Citroën airbags défectueux
Citroën doit rappeler près de 600 000 voitures en raison d'un risque d'explosion de ses airbags fabriqués par le japonais Takata. ©AdobeStock-Tricky Shark

Le groupe Stellantis dans la tourmente... L'annonce, le 16 mai dernier, d'un rappel par Citroën de près de 600 000 C3 et DS3 construites entre 2009 et 2019, a créé un vent de panique auprès des clients. Il s'agit d'un défaut sur les airbags fabriqués par le japonais Takata, avec un risque de dangerosité.

 

Ces airbags comportent un gaz appelé propergol qui perd ses propriétés avec le temps, et plus encore en cas de chaleur ou d'humidité.
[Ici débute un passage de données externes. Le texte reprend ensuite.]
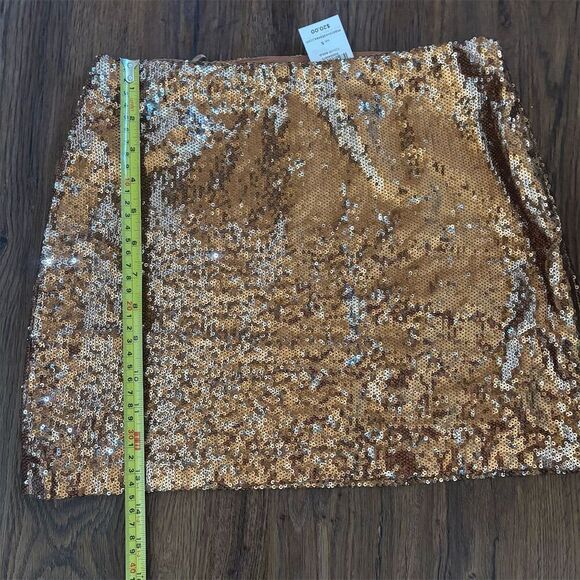 Lulus Women's Sequin Skirt Copper Short Pencil Party Size S - Picture 7 of 9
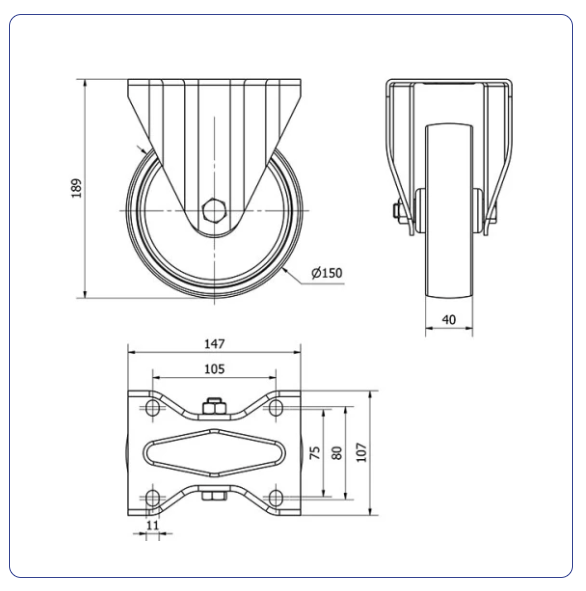 Nylon bokwiel  - 150mm - 200kg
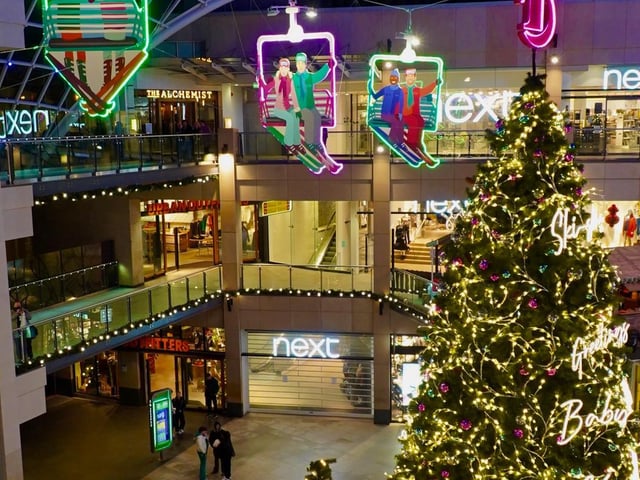 Shoppers can now enjoy larger-than-life Christmas trees and neon lights, before hitting the new Après Ski Bar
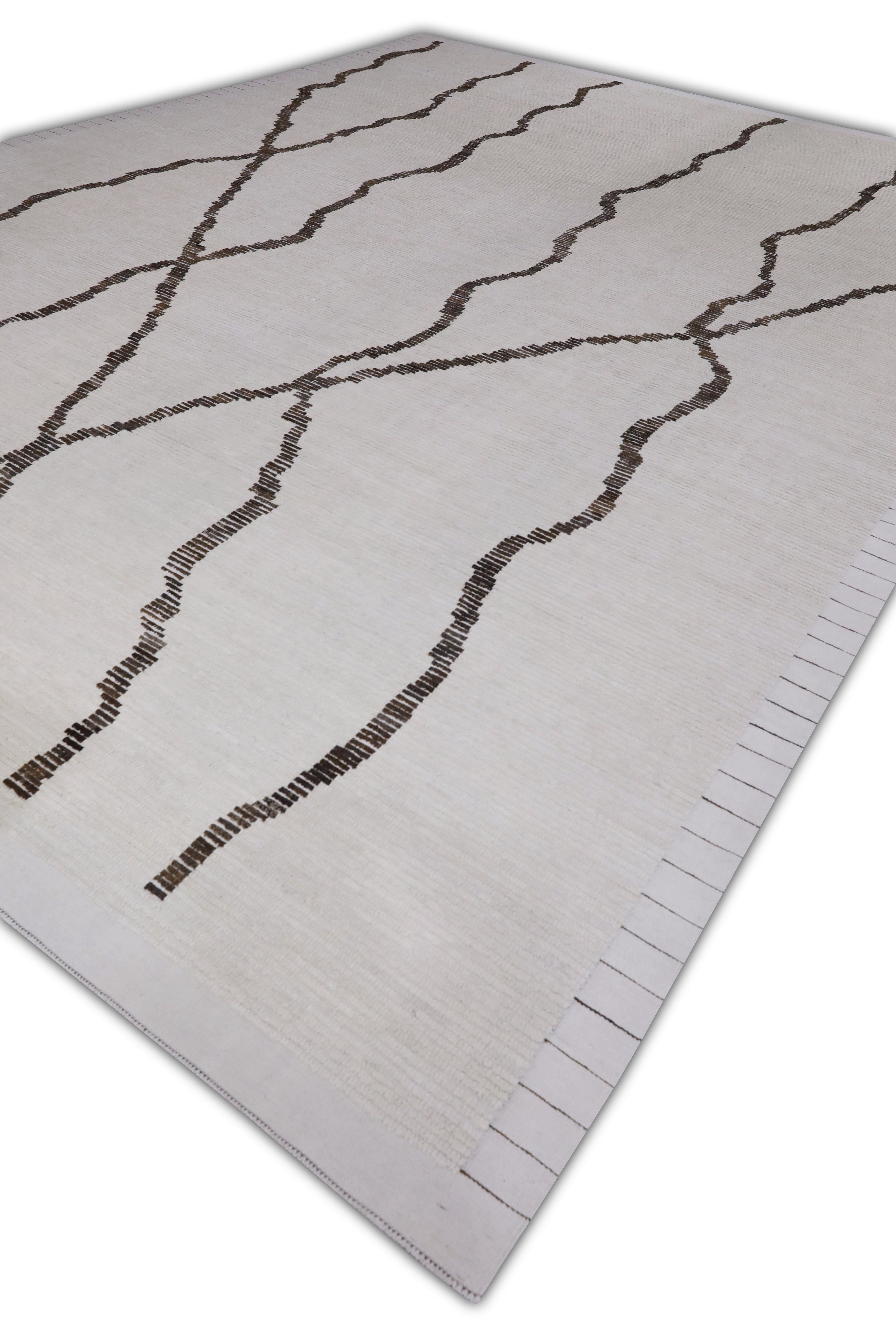 Moderno Tappeto Tulu in lana fatto a mano con design geometrico 12'3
L'airbag peut alors exploser, y compris sans choc du véhicule, et projeter des éclats métalliques.

 

Cent millions de rappels dans le monde

 

Aux États-Unis, ce défaut a déjà coûté la vie à une trentaine de personnes, et les blessés se comptent par centaines. Sous le contrôle des autorités américaines, ce scandale a déjà conduit au rappel de 42 millions de véhicules tous constructeurs confondus (General Motors, Ford...). Une autre source évoque le chiffre de 100 millions de rappels dans le monde.

 

Ce défaut était donc bien connu. L'équipementier japonais Takata a d'ailleurs fait faillite en 2017 face à l'avalanche de procédures de rappel, d'amendes et d'indemnisation. D'autant que l'entreprise avait tenté de dissimuler ce défaut aux autorités.

 

Dans son rappel, Citroën a donc demandé à ses clients de "cesser immédiatement de conduire [leur] véhicule" et de se rapprocher le plus rapidement possible d'un concessionnaire pour procéder à la réparation.

 

Stellantis a provisionné un milliard d'euros

 

Stellantis a hérité de cette situation puisque la fusion des groupes PSA et Fiat Chrysler a inclus des marques américaines (Dodge, Ram, Jeep, Chrysler...), concernées par ces airbags. En 2022, le groupe dirigé par Carlos Tavares avait ainsi dû provisionner environ un milliard d'euros pour ces rappels.

 

Le volet européen qui vient de s'ouvrir avec les véhicules de la marque Citroën pourrait alourdir la facture. D'après Le Parisien, ce serait près de huit millions de véhicules produits par le groupe Stellantis qui seraient concernés par ces airbags défectueux. Le quotidien cite ainsi des Citroën C4, des DS4 et DS5, mais également des véhicules de marque Opel.

 

Class action en cours de constitution

 

Le quotidien indique qu'une action collective serait en cours de préparation auprès de maître Christophe Lèguevaques qui a ouvert une page sur la plateforme MyLeo pour recueillir les réclamations. Plusieurs enquêtes judiciaires sont en cours.

 

A lire aussi : Rappel Citroën : Thierry Koskas promet des améliorations dans la prise en charge

 

Une femme serait ainsi morte à bord de sa C3 en Guadeloupe. D'après l'autopsie "le décès résultait de la projection d’un élément métallique de l’airbag conducteur en direction de la tête de la victime, l’airbag s’étant déclenché sans choc préalable. Le modèle d’airbag défectueux se trouvait être un modèle fabriqué par l’équipementier Takata", écrit le procureur, cité par le journal Libération.

 

Une autre affaire concerne un habitant de Guyane. Les cas se multiplient dans ces régions où le climat se caractérise par de fortes températures et un taux d'humidité élevé, deux facteurs favorisant le risque d'explosion de l'airbag. Mais d'autres affaires sont en cours d'instruction en métropole.

 

Pour Stellantis, la facture sera salée... Outre le coût de réparation des airbags, il devra prendre en charge le coût de mise à disposition de voitures de courtoisie (24 000 véhicules). Mais en cas d'action collective, il devra indemniser les clients. Le cabinet à l'initiative de cette action collective évoque le chiffre de 40 euros par jour d'immobilisation du véhicule.